The VESper device, created by a Prisma emergency medicine physician in collaboration with her husband and a Prisma pulmonary critical care physician, uses “Y” splitter tubing to divide the air flow among multiple patients, according to a news release.
This blueprint was sent to engineers at Clemson University and the University of South Carolina who obtained Food and Drug Administration approval and tested prototypes through 3D printing technology with private sector partners, according to the release.
After Prisma Health’s Healthcare Simulation Center deemed the device viable for reaching patient breathing parameters, the FDA approved the prototype technology under emergency-use authorization today due to a national ventilator shortage caused by the COVID-19 pandemic. According to the release, HP Inc. and other partners have collaborated with Prisma to create and distribute device parts to the Federal Emergency Management Agency’s COVID-19 “hot spots” and other areas of significant need.
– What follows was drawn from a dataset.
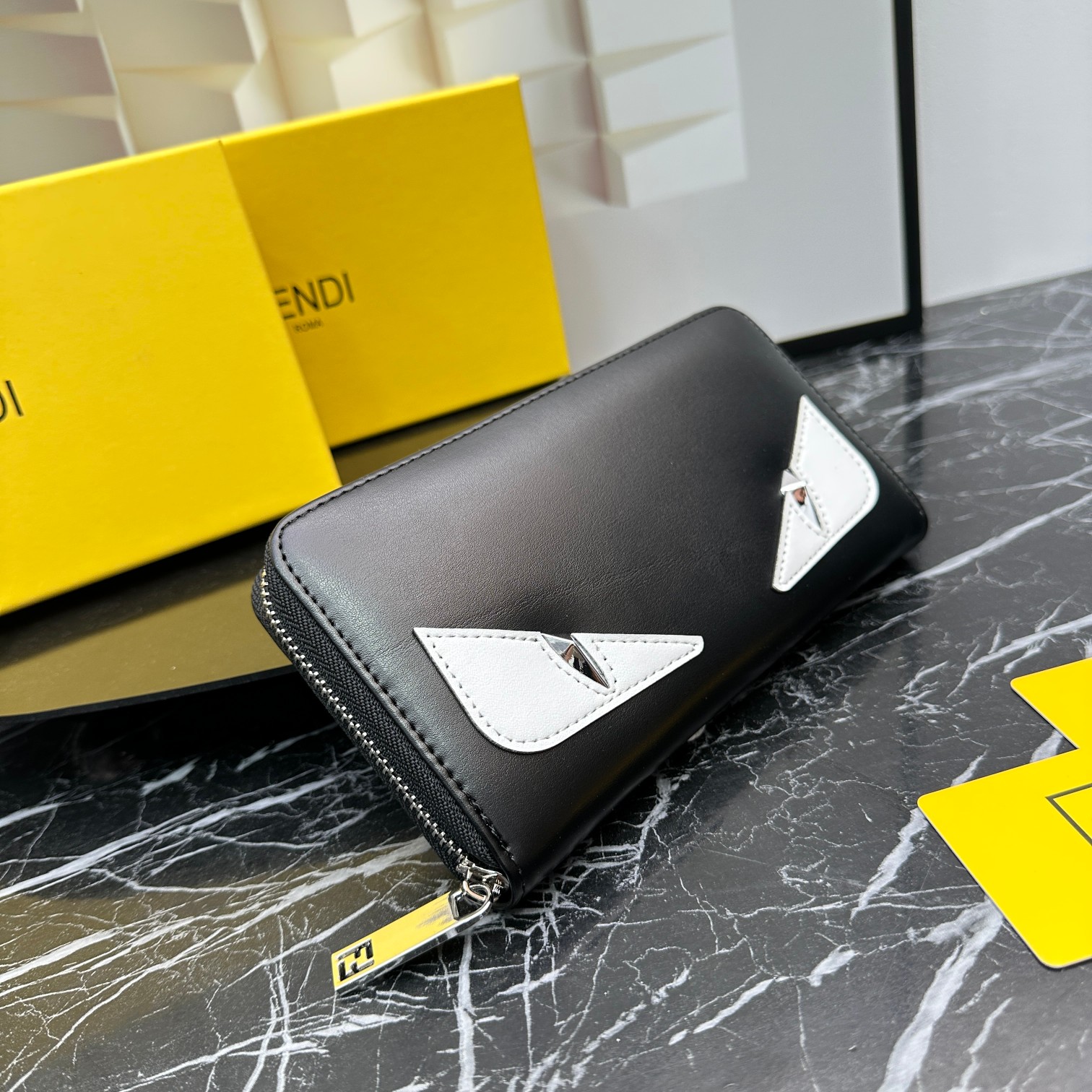 FENDI☆大人気！限定！長財布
"Immediately, we realized we had an opportunity to impact patient outcomes all over the country, and potentially beyond the U.S.," said Marjorie Jenkins, M.D., chief academic officer for Prisma Health-Upstate and dean of the University of South Carolina School of Medicine Greenville, in the news release. "What we needed was a collaborative team to put the plan in motion and close the loop between design, production, FDA approval and distribution to hospitals with critical need."
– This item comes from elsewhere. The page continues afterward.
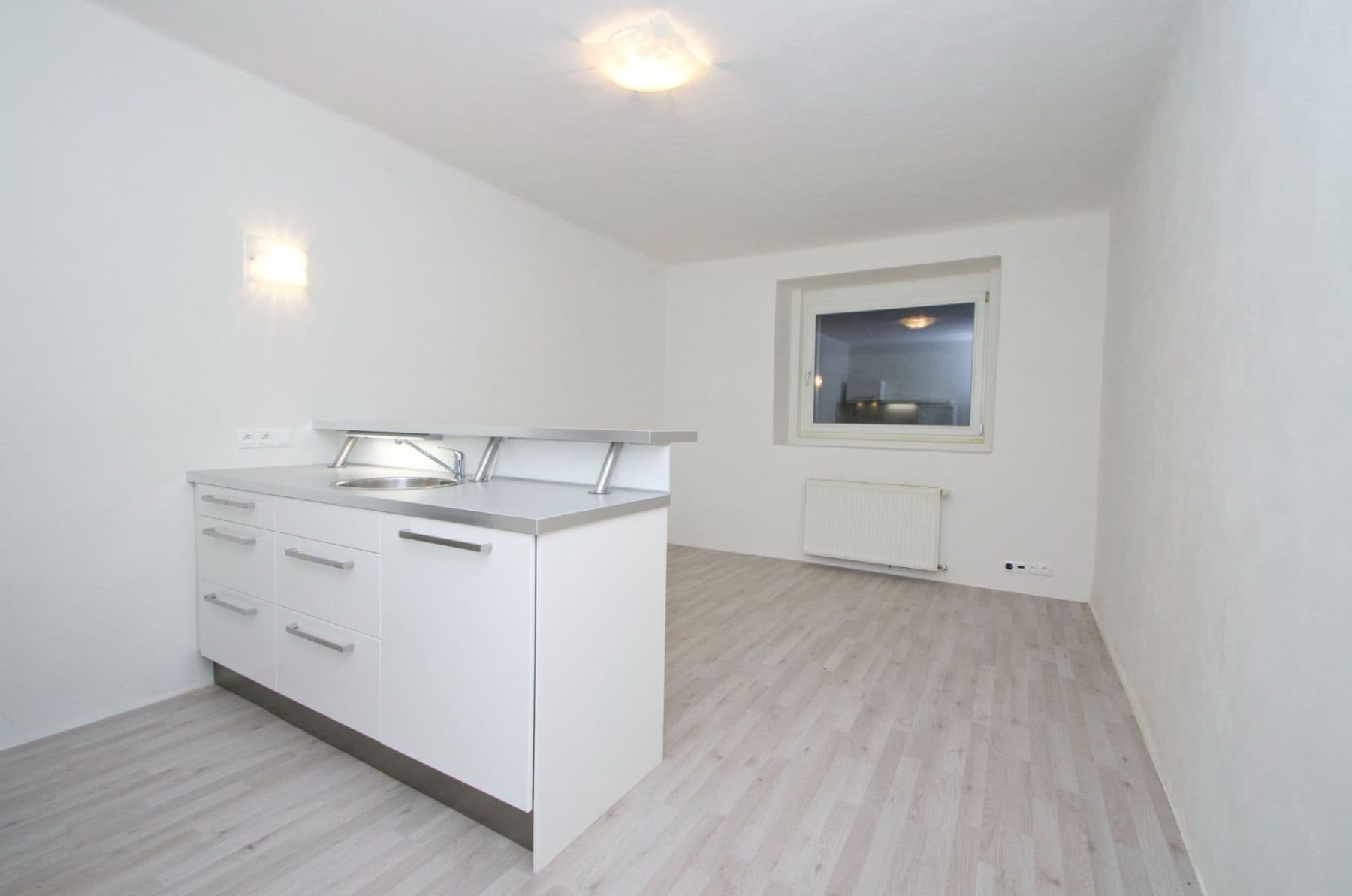 2 bedroom with open-plan kitchen flat to rent, 66 m², Malešická, Prague, Prague 2 bedroom with open-plan kitchen flat to rent, 66 m², Malešická, Prague, Prague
Hospitals across the country can register for a free source code and device printing parameters by registering.
"I am so proud of the creativity and perseverance of our clinical team who came together to develop a potentially life-saving solution at a critical time for our country, our communities and our patients.” Mark O'Halla, president and chief executive officer of Prisma Health, said in the release. “We are anxiously awaiting the results of the prototype field tests."